═════ Input data ═════
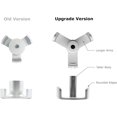 thumbnail image 4 of Aluminum Trunk Grocery Bag Hook for - Tesla Model Anodized Aluminum Interior Accessories, 4 of 6
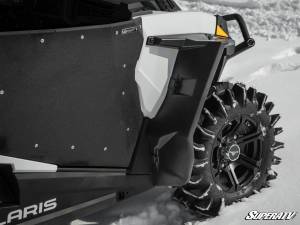 SuperATV - Polaris RZR Trail S 1000 Fender Flares (Fronts Only) - Image 5
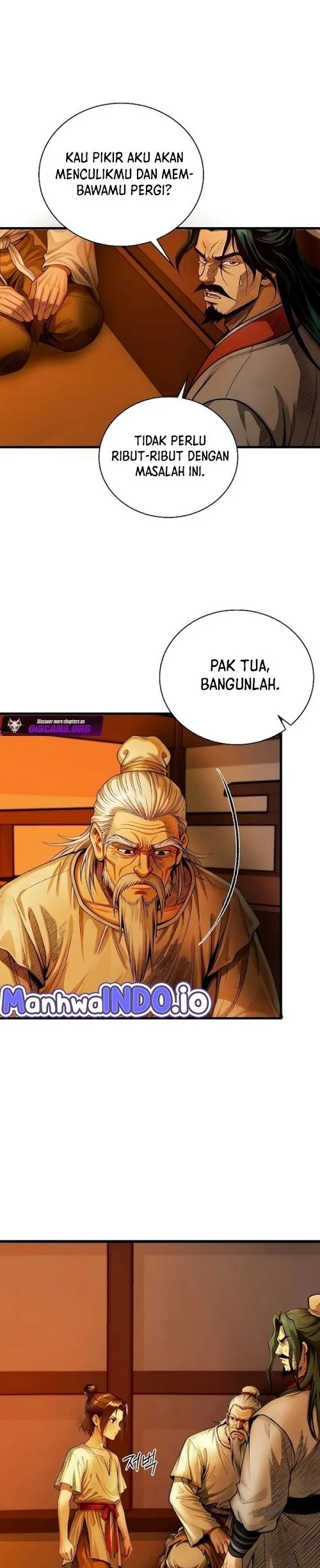 The Divine Sword of the Demonic Path Chapter 5 Gambar 22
═════
Copy out the data verbatim, with no pictures.

[Answer space]
 thumbnail image 4 of Aluminum Trunk Grocery Bag Hook for - Tesla Model Anodized Aluminum Interior Accessories, 4 of 6
 SuperATV - Polaris RZR Trail S 1000 Fender Flares (Fronts Only) - Image 5
 The Divine Sword of the Demonic Path Chapter 5 Gambar 22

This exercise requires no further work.